The House is a 2022 British adult stop-motion animated anthology film written by Enda Walsh and telling three different stories spanning different worlds and characters, but all set inside the same house.

Originally announced as a TV series, it became an anthology film. Produced for Netflix by Nexus Studios in London, it tells three stories respectively directed by the duo of Emma de Swaef and Marc James Roels, Niki Lindroth von Bahr, and Paloma Baeza as their directorial debuts; the directors are credited for the story of their respective segments, with Johannes Nyholm as co-writer for the second.

Plot[]

I - And heard within, a lie is spun[]

Mabel, a young girl, lives with her father Raymond, mother Penny, and newborn sister Isobel in relative poverty. Drunk and irritated by feelings of failure after a visit from wealthy and stuck-up relatives, Raymond encounters the mysterious architect Mr. Van Schoonbeek in the forest one night, and accepts Van Schoonbeek's offer to move into a new luxurious house built for them at no charge.

After the family moves in, Mabel notices several peculiar things about the house and the workers constantly refitting it, but her parents seem mesmerized by the house and its luxuries to notice anything else. As time passes, Raymond becomes increasingly obsessed with the house's fireplace, which he constantly fails to light up while Penny spends more and more time sewing the drapes (to the point of collapsing many times); Mabel alone seems to notice how the house's layout keeps on changing nonsensically as she and her sister seem to be the only ones remaining sane. Mabel also becomes further put off when her parents soon begin donning attire designed by Van Schoonbeek which resembles the furniture they adore (a chair and curtains).
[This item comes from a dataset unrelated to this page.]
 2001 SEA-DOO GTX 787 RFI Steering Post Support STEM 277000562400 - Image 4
Exploring the house one night, Mabel and Isobel find themselves lost in the maze it has become, and are unable to return to their parents; eventually stumbling upon Van Schoonbeek's employee Mr. Thomas. Thomas confesses with guilt that he is simply an actor following a script provided by Van Schoonbeek as he has been the middleman between his boss and the girls' parents. Meanwhile, by a suggestion from Thomas a little earlier, Raymond is finally able to light a fire by using the family's old possessions (the last of which being Mabel's beloved dollhouse) as burning material while being transfixed by the roaring flames. When the sisters finally reunite with their parents, they find Raymond and Penny turned into furniture; Raymond into a chair in front of the fireplace and Penny into curtains. As the fireplace's fire expands and sets the room on fire, the parents seemingly awaken from their trance and desperately urge their daughters to escape. Having escaped while their parents burned alive, the sisters Mabel and Isobel watch the smoking house from a distance as the sun rises behind it, leaving their fate unknown.

II - Then lost is truth that can't be won[]
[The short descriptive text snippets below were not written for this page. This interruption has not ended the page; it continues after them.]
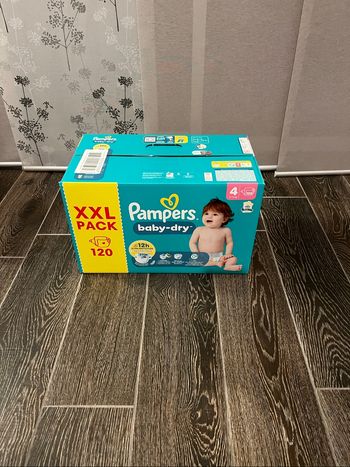 Pampers pack xxl 120 couches taille 4
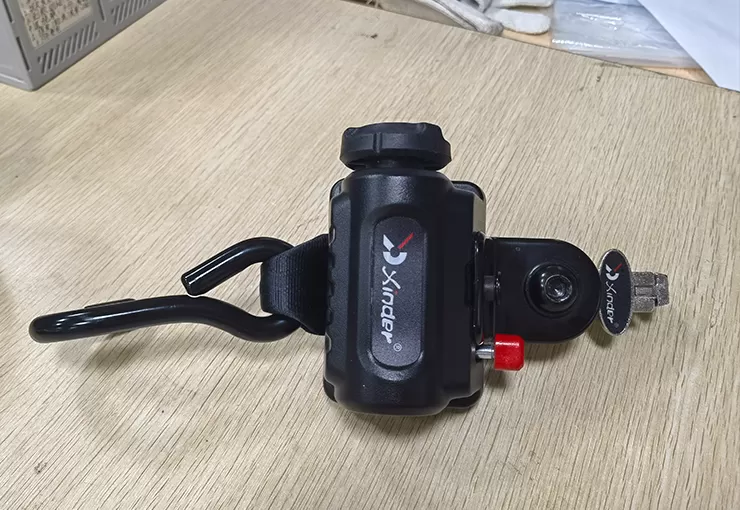 x 801 1 wheelchair restraint system 12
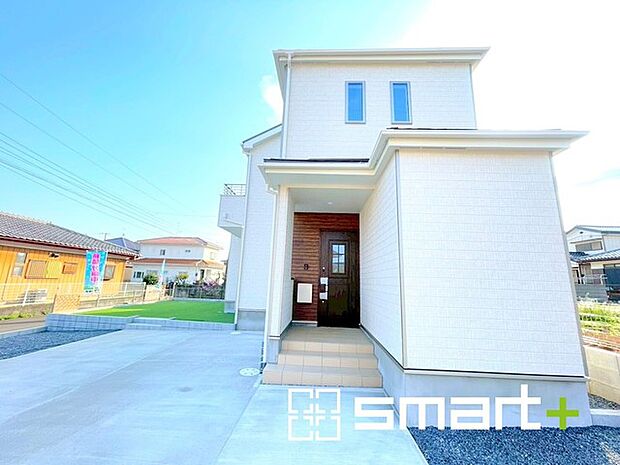 ~ゆとりあるカースペース~ ・セカンドカーや来客時にも困らないカースペース3台分は並列駐車可能でお車の出し入れもラクラク。 ・カーポートなどのオプションもお気軽にご相談くださいませ。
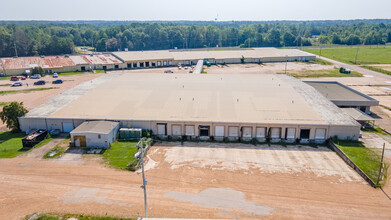 60063 Puckett Dr, Amory, MS for lease Building Photo- Image 2 of 3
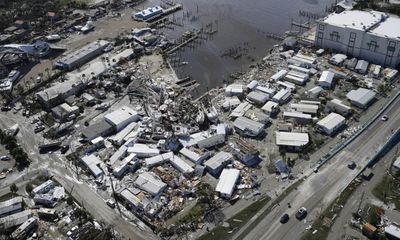 Cận cảnh bang Florida của Mỹ tan hoang sau khi bão Ian đổ bộ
The story is set in a world populated by anthropomorphic rats, and the house featured in the first story is now settled in a developed city street and is about to go up for sale. The developer working on renovating the house is struggling financially, and his financial future depends on the house's sale. He recently laid off his construction crew in order to reduce costs, and must therefore do all the work himself. He soon discovers the house has been infested by Fur beetles and larvae, and takes increasingly extreme measures to get rid of them, to no avail.
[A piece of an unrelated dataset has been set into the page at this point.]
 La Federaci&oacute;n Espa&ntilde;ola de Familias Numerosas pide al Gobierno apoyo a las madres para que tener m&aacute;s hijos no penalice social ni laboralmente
On the day of the viewing, the guests are unimpressed by the house; although the viewing ends in complete disaster, a strangely-shaped couple remain and express a strong interest in buying the house. Unwilling to risk the sale by not obliging the couple's strange behavior, the developer lets them stay the night. Over the next few days, the odd couple remain firmly settled in the house, the bugs return in force, and the bank keeps demanding repayment of the developer's business loan. The developer decides to stop indulging the couple, whose bodies are revealed to have the shapes of a beetle and larva respectively, only for many members of the couple's family to show up wanting to enter the house.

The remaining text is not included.